Criminals and advanced attackers for two years have had at their disposal an extensive trading platform selling access to hacked servers worldwide.
For as little as $6 USD, attackers can purchase access to a compromised machine and launch attacks or get a one-time peek at all the data on a server.
Researchers at Kaspersky Lab today published their investigation into the xDedic forum where 70,000 hacked servers are available via a polished, well-managed platform run by a Russian-speaking hacking group.
“The forum provides members with tools to patch RDP (Remote Desktop Protocol) servers to support multiple user logins, as well as other hacking tools, such as proxy installers and sysinfo collectors,” Kaspersky Lab researchers wrote in their report. “The main goal of the xDedic forum is to facilitate the buying and selling of credentials for hacked servers which are available through RDP.”
The researchers, who worked with an unnamed European ISP in gathering data on xDedic, trace the market back as far as 2014. It steadily grew to where in May there were 70,624 servers for sale, available from 173 countries. Researchers said there were 416 unique sellers trading in May on xDedic, down from 425 in March, when there were more than 51,000 servers available from 183 countries. This shows the forum is closely managed.
Once someone registers to use the forum at xdedic[.]biz, they can use a dashboard to see a list of available servers. For each available hacked server, the forum lists system information, whether admin privileges are available, antivirus running on the machine, browsers, uptime information, download and upload speeds, and the price and location. In May, 32 percent of the hacked servers were in Brazil, China, Russia, India and Spain.
Access via RDP servers gives purchasers remote access to compromised systems and the ability to pull off any number of attacks against available servers in financial services organizations, gambling, online shopping, and dating websites, ad networks and more. In some cases, purchasers are looking for servers hosting specific software types such as accounting, tax reporting and point of sale software, in addition to mass emailing software used for spam. Point of sale software was particularly popular, Kaspersky Lab researchers noted, with 453 servers from 67 countries available.
Affiliates, or partners, have their own portal and tools available to them, the researchers discovered. One of note was a validator tool called SysScan which partners use to profile servers that will be sold in the main forum, researchers said, adding that it primarily reports system information to a command and control server as well as download and upload speeds, as well as any software installed on the system.
On one machine where SysScan was found, researchers said they found tools (DUBrute and XPC) used to brute-force servers in order to gain access. Once a server is compromised, a custom piece of malware called SCCLIENT is installed which connects to one of eight command and control servers. Kaspersky Lab said it was able to sinkhole five of the C&C servers and in 12 hours, 3,600 unique IP addresses connected to them, including government agencies and universities.

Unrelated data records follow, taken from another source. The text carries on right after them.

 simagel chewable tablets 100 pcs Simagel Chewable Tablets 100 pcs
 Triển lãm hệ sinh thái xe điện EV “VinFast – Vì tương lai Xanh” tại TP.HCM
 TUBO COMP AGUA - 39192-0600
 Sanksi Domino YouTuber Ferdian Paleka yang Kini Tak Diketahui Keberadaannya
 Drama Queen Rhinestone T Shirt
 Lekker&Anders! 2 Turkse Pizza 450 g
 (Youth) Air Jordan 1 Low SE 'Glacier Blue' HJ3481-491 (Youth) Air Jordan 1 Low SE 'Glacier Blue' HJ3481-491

Another tool found on compromised machines opens certain ports on the servers, turning them into unauthenticated SOCKS or HTTPS proxies. Researchers said xDedic also built its own RDP client for Windows, which it said customers use to copy login information into a RDP connection.

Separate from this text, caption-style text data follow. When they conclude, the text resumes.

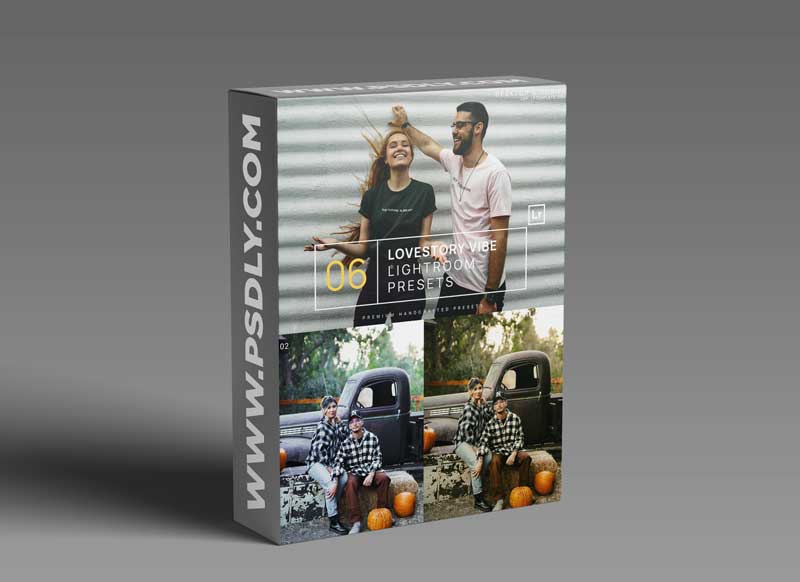 6 Lovestory Vibe Lightroom Presets + Mobile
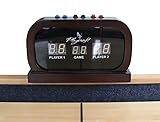 Playcraft Electronic Scorer for Home Recreation Shuffleboard Table - Espresso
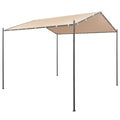 Beige Steel Gazebo Pavilion Tent Canopy Y6878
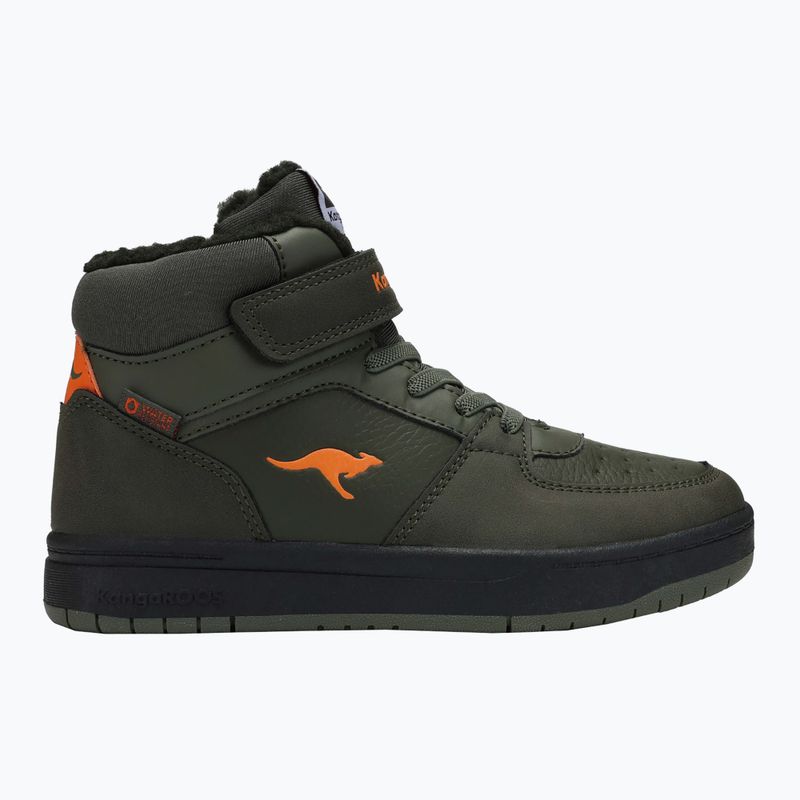 Încălțăminte pentru copii KangaROOS K-CP Bound Mid EV military green / flame 8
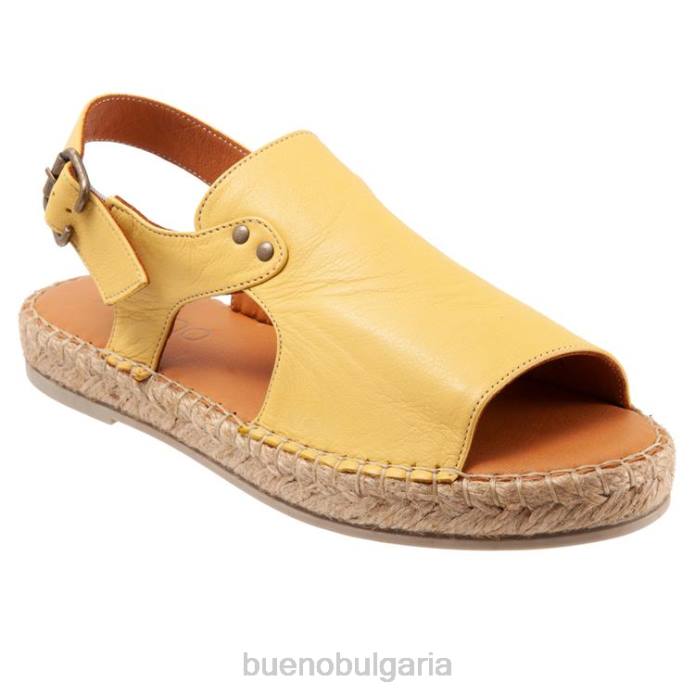 F0PN237 Bueno Footwear ниа Жени жълто апартаменти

Kaspersky speculates in its report that the variety and price of available servers could be of service not only to criminals but ATP gangs.
“The vast amount of servers for sale on the xDedic marketplace offers a very likely alternative for APT actors with low resources, willing to fly under the radar or having difficulties in getting a foothold in any of its victims,” the report says. “8 USD is a very cheap price to pay for full access to potential high profile targets. Usually overlooked, servers that have been hacked using brute-force methods might present an opportunity for APT actors that doesn’t arouse suspicion.”